Saturday, January 27, 2007

Getting Beyond "Wikipedia: GOOD!" and "Wikipedia: BAD!"

Mark Bernstein has some excellent insights on Wikipedia's strengths and weaknesses, spurred by a controversy over the biographies of science fiction authors. Mark writes:

Where is wikipedia best? The most effective articles share some common properties:

  • Of potential interest to a wide audience
  • Of vital interest to very few
  • Impersonal

Following the links back through the conversation about sci fi bios is rewarding. This observation by Jed Hartman is extremely useful in understanding Wikipedia's process:

...I gradually came to understand that Wikipedia is intended to be a very specific sort of document: it’s intended to be a compilation and summary and organization of material that publishers have already vetted. (There are other criteria too, but that’s a major one.) In some cases that approach seems highly counterintuitive if you think Wikipedia’s goal should be to be true or accurate in some objective sense (“Why can’t I say X in that article?

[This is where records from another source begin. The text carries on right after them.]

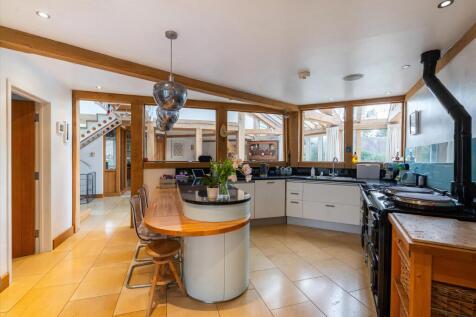 4 bed, 4 bath Detached in Bristol - Photo 3
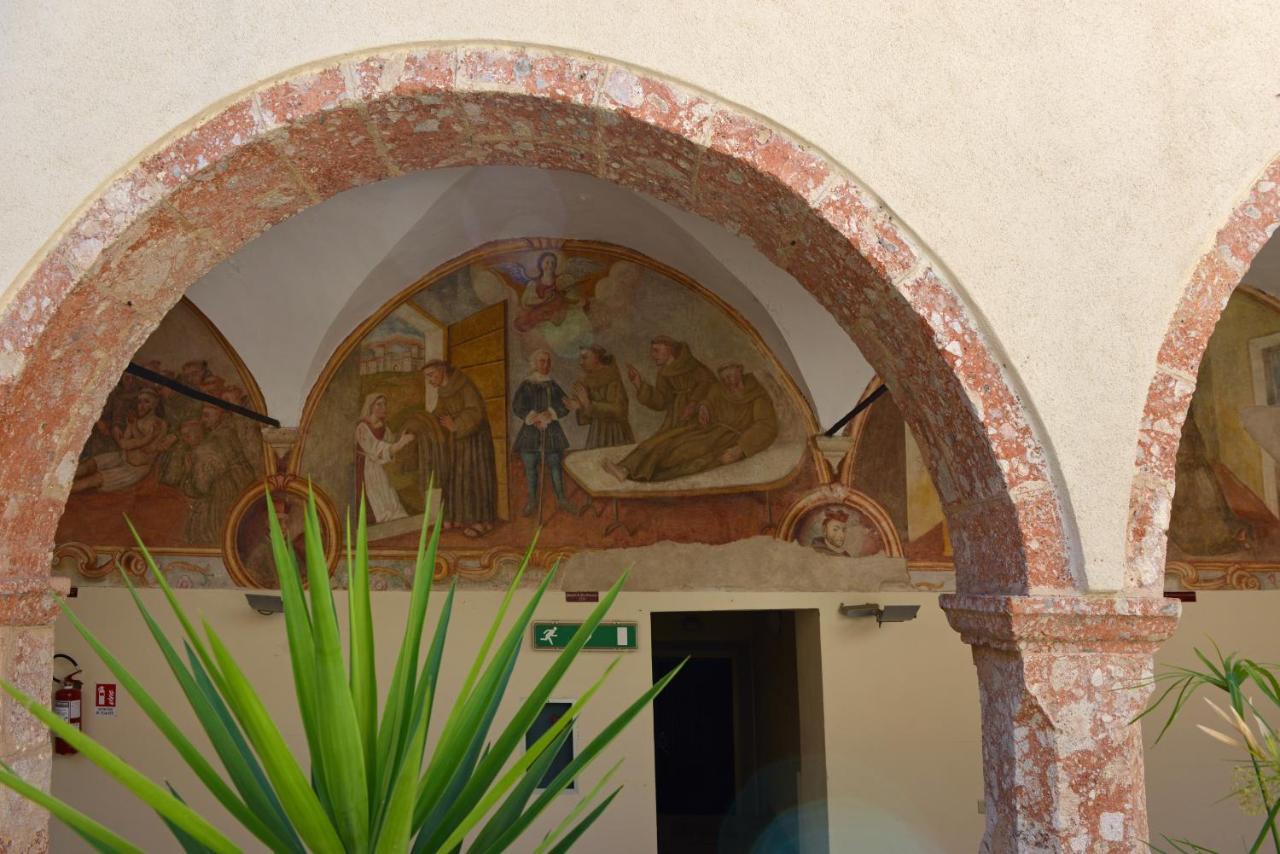 Hotel Convento Di Stignano Rignano Garganico Exterior foto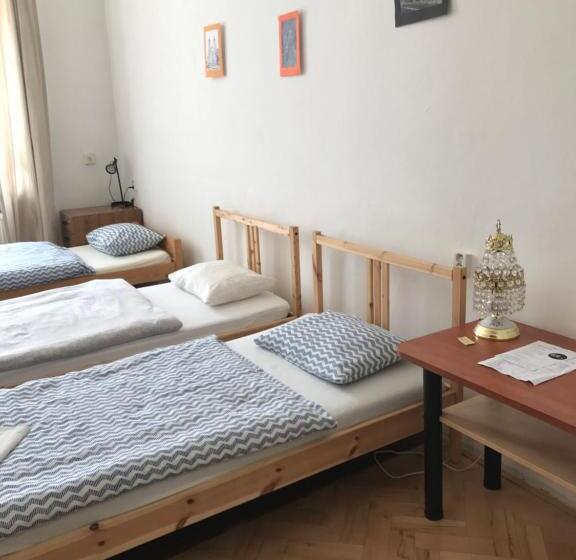 Economy Triple Room, Hostel Moravia Ostrava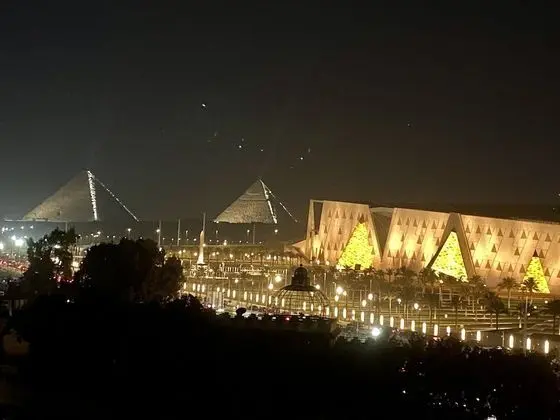 City Üç Kişilik Oda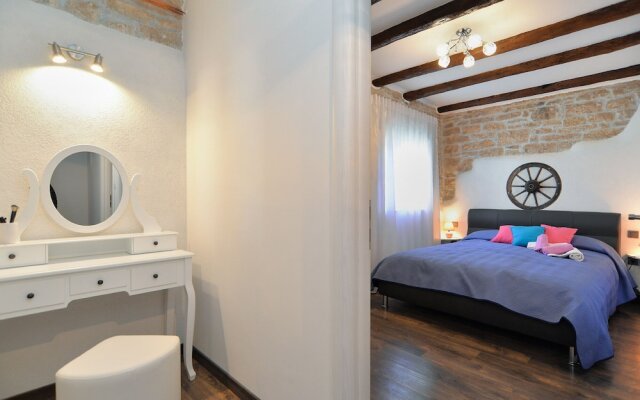 Apartment 1814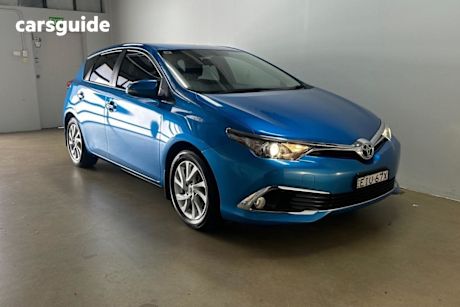 Blue 2017 Toyota Corolla Hatchback Ascent Sport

I personally know that X is true, and I’m an expert!”), but those aren’t its goals. If you have a belief, even a very strong belief, but nobody has ever published that belief in a venue that Wikipedia considers reliable, then that belief probably doesn’t belong in Wikipedia. If you have a personal experience about the history of sf, but nobody’s ever written it up in one of those Wikipedia-trusted venues, then it still probably doesn’t belong in Wikipedia.

And coincidentally, in reference to Mark's football questions from earlier this week, I discovered that Wikipedia's entry on Tampa 2 is very good.